Apesar das circunstâncias desafiadoras, a meta de 90% de cobertura vacinal, necessária para garantir a imunidade coletiva, foi atingida
A primeira fase de uma campanha internacional de vacinação contra a poliomielite na Faixa de Gaza foi concluída em setembro, imunizando cerca de 560 mil crianças em meio a pausas humanitárias pontuais no conflito armado. Essa campanha é uma resposta urgente ao surto do vírus na região, agravado pelas condições de guerra e pela falha de estratégias globais de erradicação. O caso de um bebê de 10 meses paralisado pelo vírus, o primeiro em 25 anos, serviu de alerta para as autoridades de saúde, confirmando que o poliovírus, anteriormente detectado em esgoto de Gaza, já estava circulando entre a população.
Apesar das circunstâncias desafiadoras, a meta de 90% de cobertura vacinal, necessária para garantir a imunidade coletiva, foi atingida. No entanto, a erradicação completa do vírus depende de uma segunda dose, que deve ser aplicada a todas as crianças. O cenário é ainda mais alarmante se considerado que, antes do início dos conflitos, 99% da população estava imunizada contra a pólio, mas esse número caiu para 86% devido ao bombardeio israelense, que destruiu dois terços dos hospitais e forçou o deslocamento de quase dois milhões de palestinos.
As condições de insalubridade em Gaza, com a escassez de água potável e esgoto correndo a céu aberto, favorecem a disseminação do vírus, que se espalha principalmente pelo contato com fezes e, em locais superlotados, por meio de tosse e espirros. O risco é ainda maior para crianças nascidas após a interrupção do sistema de saúde local, já que muitas não receberam vacinas de rotina, tornando-as vulneráveis a paralisia e outros efeitos graves.

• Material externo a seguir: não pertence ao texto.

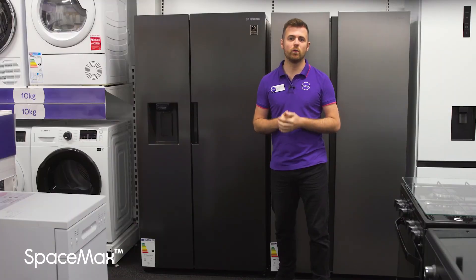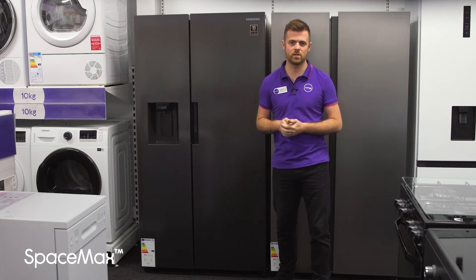There's more room on the inside for all your favourite stuff, but the size of the exterior hasn't changed at all. Space Max makes the walls thinner without affecting the performance, so you get the best of both.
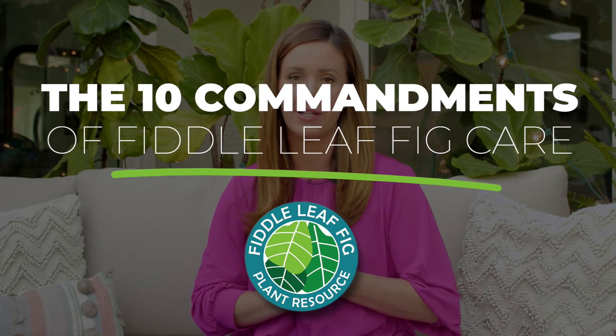Let's go over the 10 commandments of fiddle leaf fig care. If you can remember these 10 things and take care of these 10 items, you will have a green and gorgeous plant for years to come.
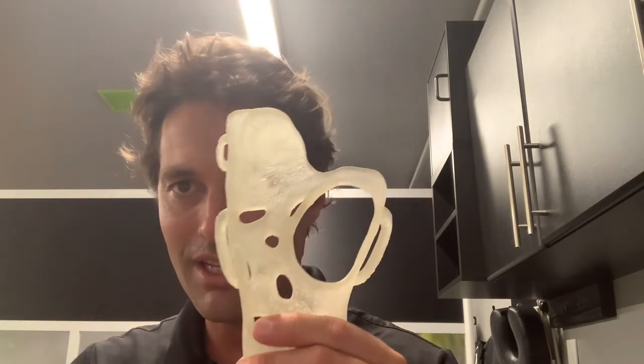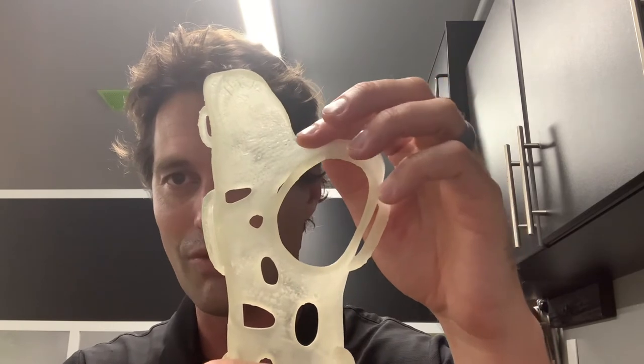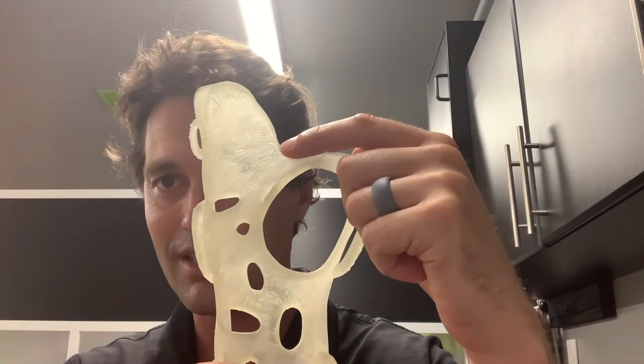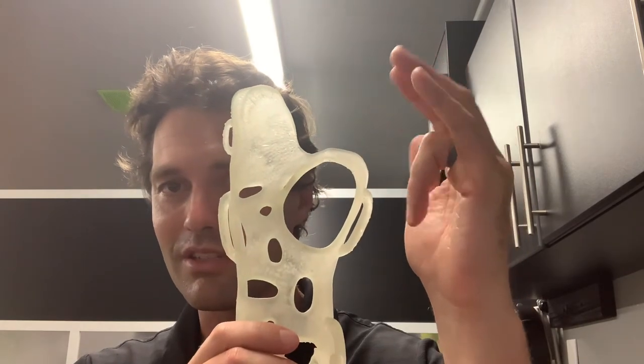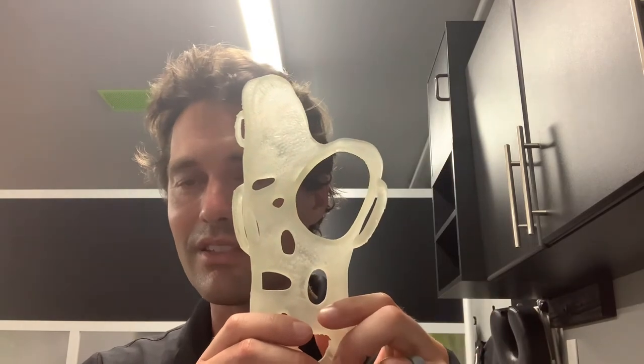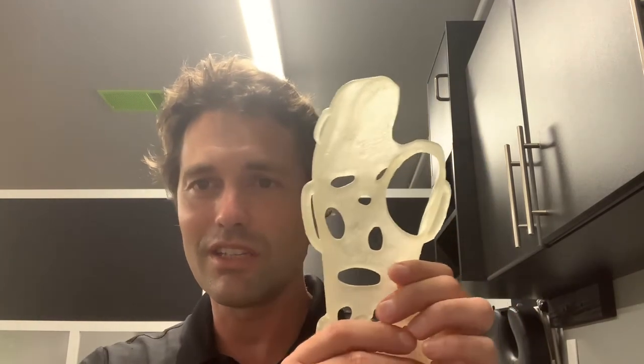The other change I made is right here in this notch for the third finger. That was straight across and it was just inhibiting a little bit of flexion there, so I just shaved that down — same process, really easy. I used a Dremel bit to fit in there.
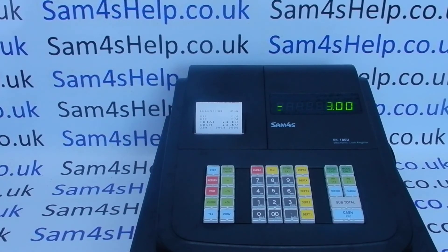I hope that video has been helpful. We've got plenty more showing you how to get the best out of the ER180s — some of those will be appearing on screen now, so you're welcome to check those out. You can also subscribe to this YouTube channel or visit sam4shelp.co.uk for more. Thanks for watching.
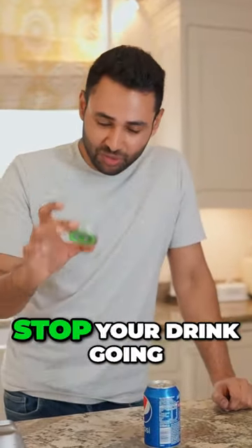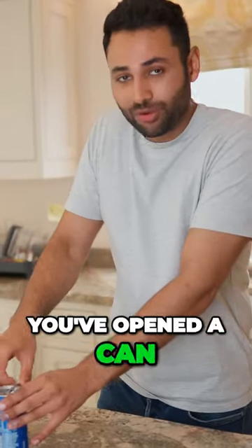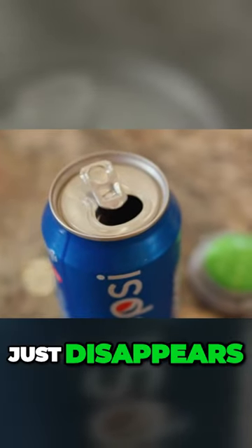It's not designed to pump fizz back into your flat drink — it's just designed to stop your drink going flat in the first place. We all know that as soon as you've opened a can or bottle of fizzy drink, you just leave it for a couple of days and all the fizziness disappears.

O caso de Gaza ilustra um problema global maior: a falha na contenção do poliovírus em áreas vulneráveis. Em 2023, uma variante do tipo 2 do vírus, derivada da vacina oral, cruzou a fronteira do Egito para Gaza. Embora a vacina oral seja eficaz e acessível, seu uso em populações não totalmente imunizadas pode causar surtos de poliovírus vacinal. O desafio é grande, visto que em várias partes do mundo, incluindo Moçambique, Malawi, Londres e Nova York, o poliovírus voltou a emergir após anos de controle.
Especialistas debatem as melhores formas de erradicar a poliomielite de maneira eficaz. Enquanto alguns defendem o retorno à vacina oral trivalente, outros sugerem uma combinação de vacinas ou o desenvolvimento de uma versão mais segura, como a nOPV2, que reduz as chances de mutação do vírus. Mesmo com avanços na formulação da vacina, o uso de vacinas orais ainda gera controvérsias devido aos riscos associados.
A importância da campanha em Gaza não se limita às fronteiras do território. Se falhar, o vírus pode se espalhar para países vizinhos, e o surgimento de novas variantes vacinais torna a erradicação global ainda mais difícil. Para as autoridades de saúde, monitorar cuidadosamente as concentrações do vírus no esgoto e os casos reportados na região é essencial para evitar que o problema fuja do controle.
Se a campanha for bem-sucedida, será um marco histórico não apenas para as crianças de Gaza, mas também para o esforço global de erradicação da poliomielite. No entanto, enquanto a guerra continua, o acesso aos cuidados de saúde permanece limitado, e a população, em especial as crianças, continua exposta a doenças como sarampo, cólera e pneumonia, além do risco constante de desnutrição e morte por bombardeios.
Gaza, mesmo diante da ameaça da poliomielite, enfrenta desafios muito maiores, e a vacinação é apenas uma pequena parte da luta por sobrevivência e saúde em meio à destruição.